# Where I've been



## gnatster (Mar 6, 2004)

Howdy,

Greetings from Texas where it's starting to get a bit warm. I know i haven't posted in a quite a while. Been right busy here with other projects. As some of you know I stepped down as admin on APC. I started to get a bit fed up with the whole hobby when it took 4 months to get the tank I ordered from ADG. I also bought a Mini Cooper and became immersed in the local then national Mini community. I've been to a couple of Mini based events recently and am having a blast. Drove to Vegas in March for A Mini Vacation In Vegas, and just last weekend was in western NC/eastern TN for Minis on the Dragon. The Dragon is an 11 mile stretch of Highway 129 with 318 corners on it. It's a well know drivers road, no cross streets, no driveways and the cops know why all the people are there so as long as you are not totally stupid they leave you alone. I've also gotten back in to track driving and go to the track almost every weekend I am not traveling.

The tank is ready to be setup once I settle back down, get a job and stop traveling so much. Probably in the fall at this point.

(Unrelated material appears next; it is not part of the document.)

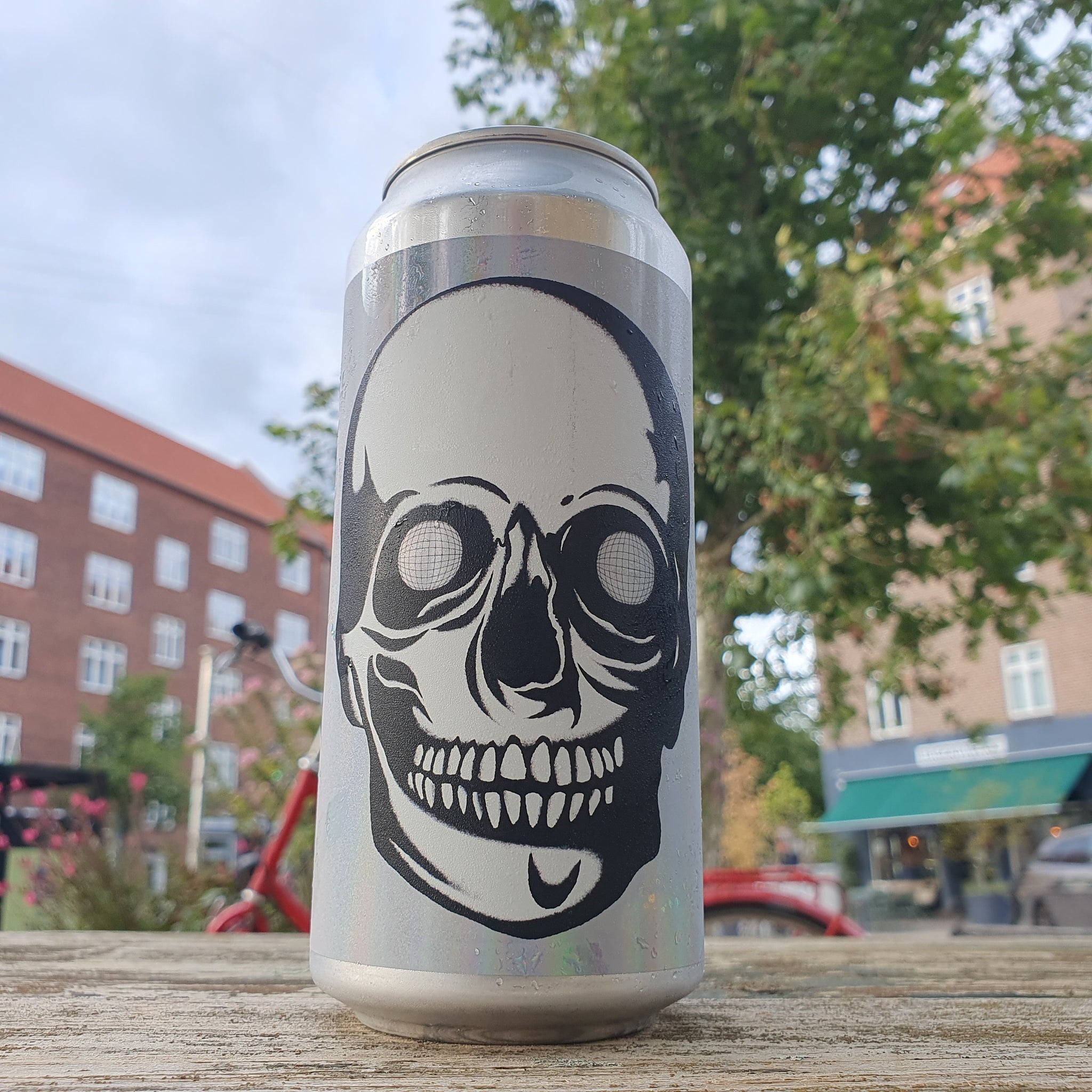 Police Disco Lights (Session IPA)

Here is a picture of the Mini, his name is GNAT...go figure










There are also a few albums here http://picasaweb.google.com/gnatster with lots more pics.

I will be back....

Nathan


----------



## JanS (Apr 14, 2004)

Glad you've been enjoying your break from everything Gnaster. 
What is the number on the side of your Mini?? :shock:


----------



## Raul-7 (Feb 4, 2004)

Looks like great fun! What's under the hood?


----------



## gnatster (Mar 6, 2004)

JanS said:


> Glad you've been enjoying your break from everything Gnaster.
> What is the number on the side of your Mini?? :shock:


The numbers are 666, they are the last 3 digits of the Mini's VIN.

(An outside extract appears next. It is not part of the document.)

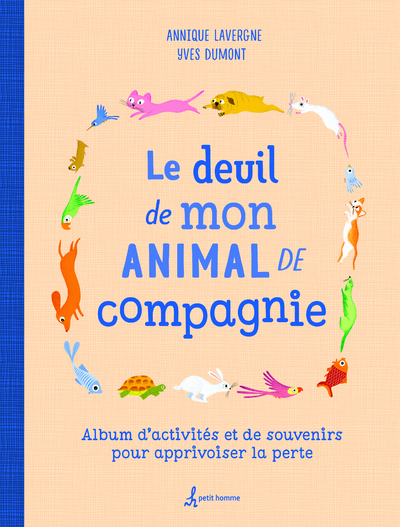 Le deuil de mon animal de compagnie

I've been having a blast. Just signed up for 2 more Mini themed events. Mini's in the Mountains, held in mid August at Copper Mountain Resort in CO. Lots of planed scenic drives including one that climbs paved roads to over 14,000ft. Then Labor Day weekend there is a Texas thing called the Hill Country Rendezvous where folks with Mini's from all over TX congregate near Austin in the Hill Country for 3 days of scenic drives on twisty roads followed by BBQ's and the like in the eve.

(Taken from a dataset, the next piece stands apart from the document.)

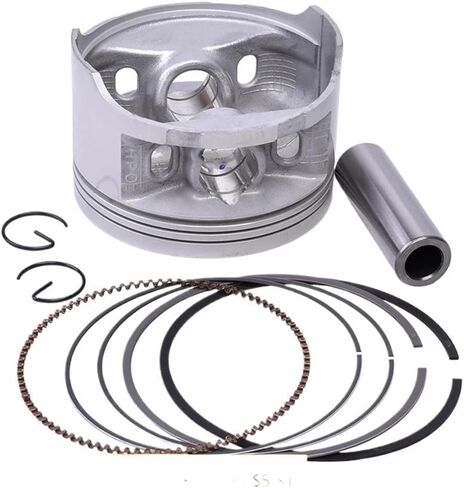 92mm Standard Motorcycle Engine Single Cylinder Piston Ring Kit Compatible ATV OEM 12100-HP0-A00 TRX500 TRX500F 2005-2009 08 2011 TRX 500 in Saudi Arabia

Looks like I'll be GA in July at Road Atlanta for a track weekend too.


----------



## gnatster (Mar 6, 2004)

Raul-7 said:


> Looks like great fun! What's under the hood?


Hehehe....

Started life as a Supercharged 1.6l with a 7250 redline and 168HP

Now...still 1.6l supercharged for now but I've added a cold air intake, a reduction pulley to spin the supercharger faster, a very high flow head with huge valves and full race valvetrain, larger intercooler, ported the intake to match the head, a tube header with equal length runners and a custom exhaust. My tuner is still working on the software package but as of now it pulls 230 hp at the wheels at 8000 rpm. We figure proper software tuning will add ~ 20 hp more. So figure it has 100hp more at the crank then stock.

It's one fast Mini...


----------



## Morbida (Aug 15, 2005)

It is better then driving go carts?


----------



## Laith (Sep 4, 2004)

250hp in a Mini? :mrgreen: :mrgreen: 

Wow! Yes, must be a very fast Mini!  

Glad you're having a good time!


----------



## Bert H (Mar 2, 2004)

Looks like you're having fun, Nathan! In one of your albums you're being pulled into a tow truck. What happened there?


----------